Utterly fascinating. But my god, how long it takes. So, two final questions. No. 1: what’s the bottom line? No. 2: why in the world have I subjected innocent visitors to the Business Desk to such minutiae?

Well, first, the professors – who line up on exactly the same side of the energy divide, mind you – don’t even disagree about government intervention.

True, free market boosters like Walter Wriston, former CEO of Citicorp and Reagan advisor, liked to trot out the whale oil story to suggest intervention is superfluous. But environmentalists like Amory Lovins also use the story — to argue that we can break away from fossil fuels because “Big fast changes have happened before.” And that’s what Lave was saying: we ought to change our energy policy, and we can. While Kovarik is saying, history is more complicated than we realize and don’t jump to hasty conclusions.

But why I am going on and on to deliver such anticlimactic punchlines? Call it a plea for pity. Or, more accurately, for understanding the complexity — and limits — of the journalist’s job.

After all this back and forth, it remains unclear to me how big a role the government did or didn’t play in the development of the petroleum industry. I am never going to know enough about the inadvertent camphene tax (Camphene? You ever hear of camphene?) — never going to know enough to argue with either of these professors.
Think how long that would take.

Or put it another way. You, the public (or the one member of the public still reading at this point), pay about half my salary. (Foundations and corporations pay the rest.) Is this what YOU want me to be doing?

Professor Kovarik shows something less than esteem in writing that “televised history almost has to be shallow,” but of course he didn’t expect the line to appear on a TV correspondent’s web page. But “shallow” compared to what? A college course? A book? Enough books on both sides of an issue to become an expert and come to a definitive conclusion of one’s own?

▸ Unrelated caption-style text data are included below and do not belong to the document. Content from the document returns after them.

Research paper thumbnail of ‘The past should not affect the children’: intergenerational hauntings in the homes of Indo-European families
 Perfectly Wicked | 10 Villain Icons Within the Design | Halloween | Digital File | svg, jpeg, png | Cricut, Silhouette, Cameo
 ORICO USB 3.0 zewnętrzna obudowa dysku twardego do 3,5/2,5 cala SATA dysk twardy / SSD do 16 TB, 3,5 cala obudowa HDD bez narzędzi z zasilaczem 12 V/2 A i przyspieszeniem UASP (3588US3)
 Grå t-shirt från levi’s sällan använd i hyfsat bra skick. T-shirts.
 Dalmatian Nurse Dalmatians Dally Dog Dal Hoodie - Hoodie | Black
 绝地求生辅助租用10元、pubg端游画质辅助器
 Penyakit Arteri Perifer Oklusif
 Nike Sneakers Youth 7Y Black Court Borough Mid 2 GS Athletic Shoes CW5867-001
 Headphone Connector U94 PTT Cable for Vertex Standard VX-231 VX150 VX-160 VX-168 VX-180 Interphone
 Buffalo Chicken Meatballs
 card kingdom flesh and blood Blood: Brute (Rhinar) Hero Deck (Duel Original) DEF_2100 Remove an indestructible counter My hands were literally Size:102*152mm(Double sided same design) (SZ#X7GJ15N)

We journalists have a great job. Or at least I do. At the NewsHour, we get an eternity, by network news standards, to prepare our stories and to tell them. And yet, we always leave out vastly more than we put in. We always try to say things in shorthand, try to simplify. And we can never check EVERYTHING out. So we’re always subject to the charge that we oversimplify. Maybe now you can see why.